→ Task: In the copy, keep every word of the data below and none of its pictures.

→ Information shown:
====
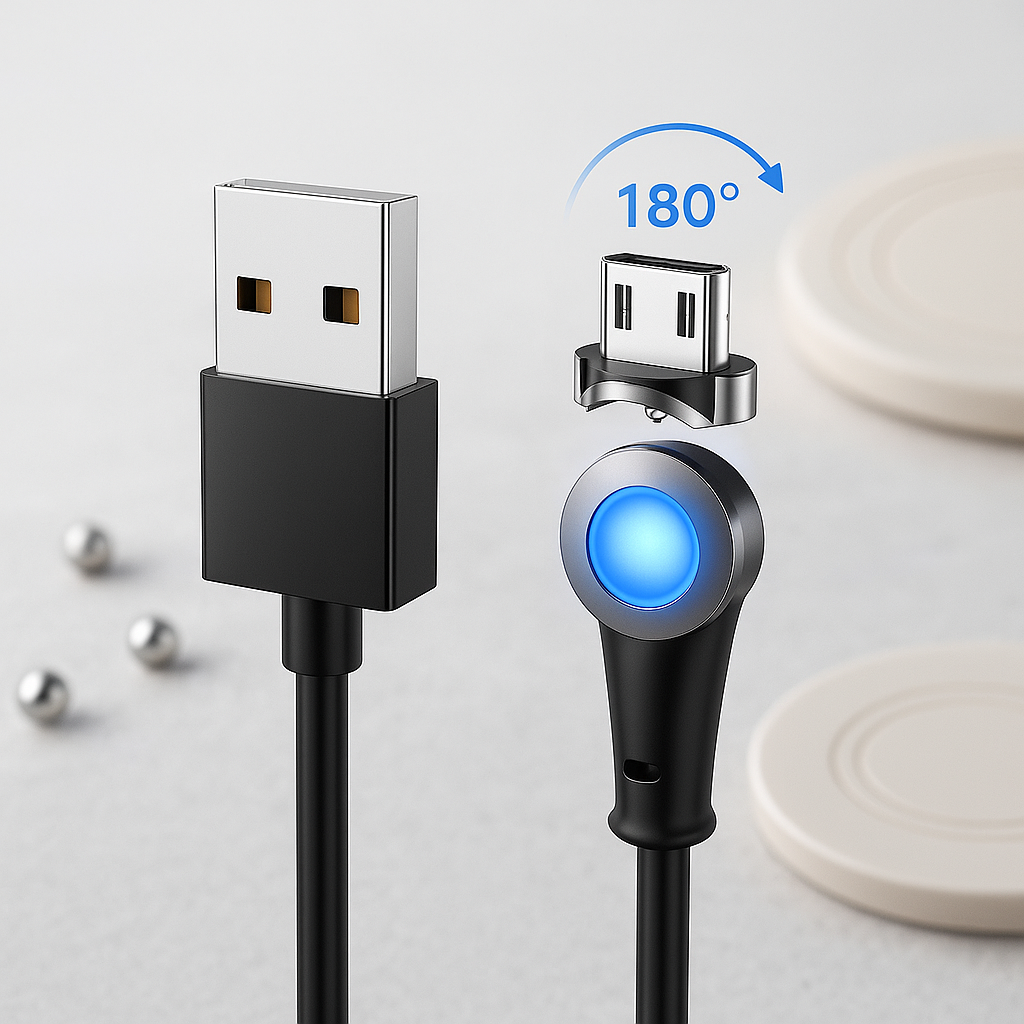 Magnetische USB-oplaadkabel die 180° draaibaar is.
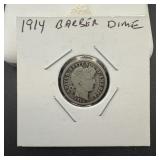 1914 Barber Dime, 90% silver
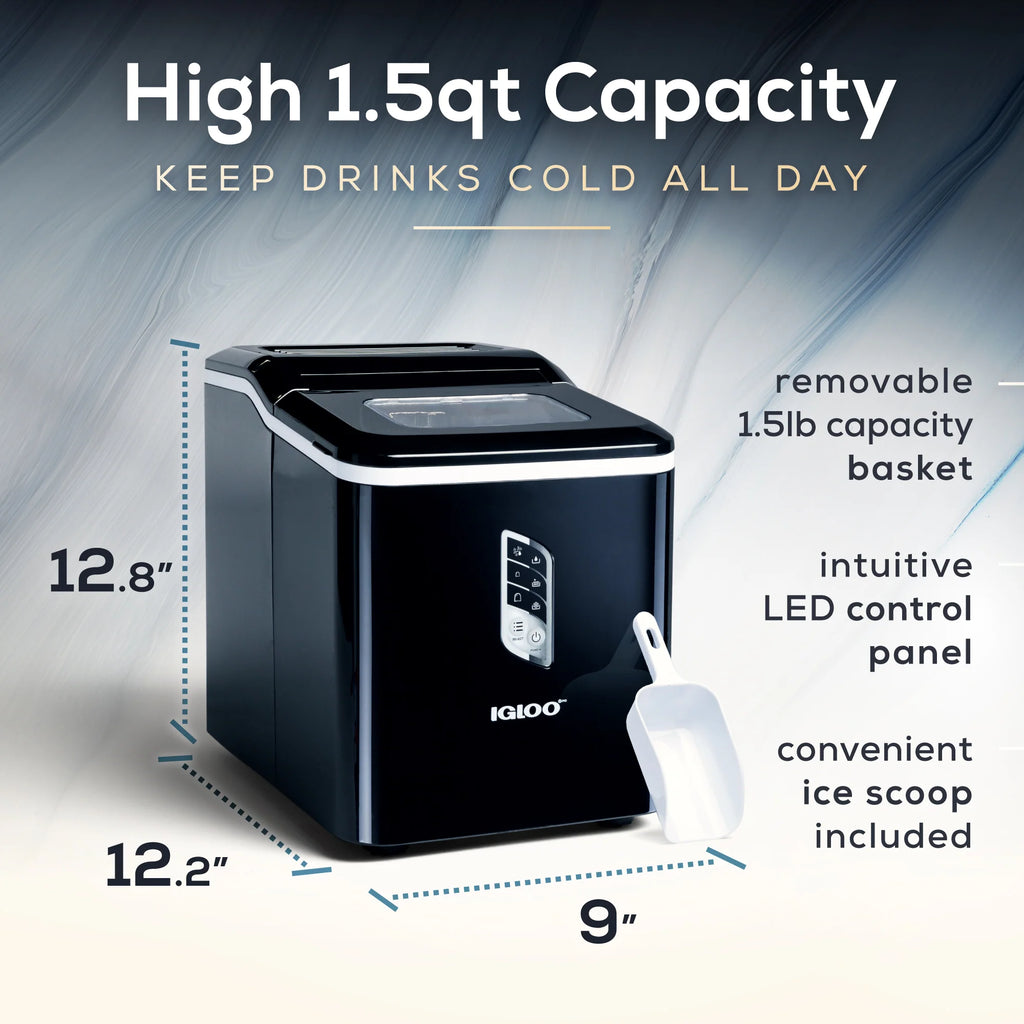 Black 26-Pound Automatic Self-Cleaning Ice Maker O87575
====
→ Reply to the task:
 Magnetische USB-oplaadkabel die 180° draaibaar is.
 1914 Barber Dime, 90% silver
 Black 26-Pound Automatic Self-Cleaning Ice Maker O87575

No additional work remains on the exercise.